Heartbreak is something we feel happens only when things have gone wrong: an unrequited love, a shattered dream, a child lost before their time. Heartbreak is to be avoided; something to guard against, a chasm to watch for and then walk carefully around; the hope is to live without it and to have as little as possible, but all evidence is to the contrary of these child-like hopes; heartbreak is as inescapable and in- evitable as breathing, a part and parcel of every path, asking for its due in every sincere course an individual takes. It may be that there is no real life without the raw revelation of heartbreak; no single path we can take within a life that will allow us to escape without having that imaginative organ we call the heart broken by what it holds and then has to let go.

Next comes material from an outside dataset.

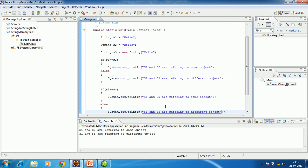S3 refers to some string object present outside the string pool. So these two objects are pointing to different memory locations, and the `==` operator returns false when comparing s1 and s3. This demonstrates that Java manages string objects very efficiently.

In a sobering physical sense, every heart does eventually break, as the precipitating reason for death or because the rest of the body has given up before it, but hearts also break in an imaginative and psycho-logical sense: there is almost no path a human being can follow that does not lead to heartbreak. A marriage, a committed vow to another – even the most settled, loving relationship will break our hearts at one time another; parenthood, no matter the sincerity of our love for a child, will always break the mold of our motherly or fatherly hopes; a good work, if taken seriously, will often take everything we have and still leave us wanting; finally even the most self compassionate, self examination should, if we are sincere, lead eventually to existential disappointment.
Realizing its inescapable nature, we can see heartbreak not as the end of the road or the cessation of hope but as the close embrace of the essence of what we have wanted or are about to lose. It is the hidden DNA of our relationship with life, outlining outer forms by the intimate physical experience generated by its absence; it can ground us truly in whatever grief we are experiencing, set us to planting a seed with what we have left or appreciate what we have even as we stand in its ruins. If heartbreak is inevitable and inescapable, it asks us to look for it, to see it as our constant and instructive companion, and perhaps, in the depth of its impact as well as in its hindsight, see it as its own reward. Heartbreak asks us not to look for an alternative path, because there is no alternative path. It is an introduction to what we love and have loved, an inescapable question, something and someone that has been with us all along, asking us to be ready for the ultimate letting go.’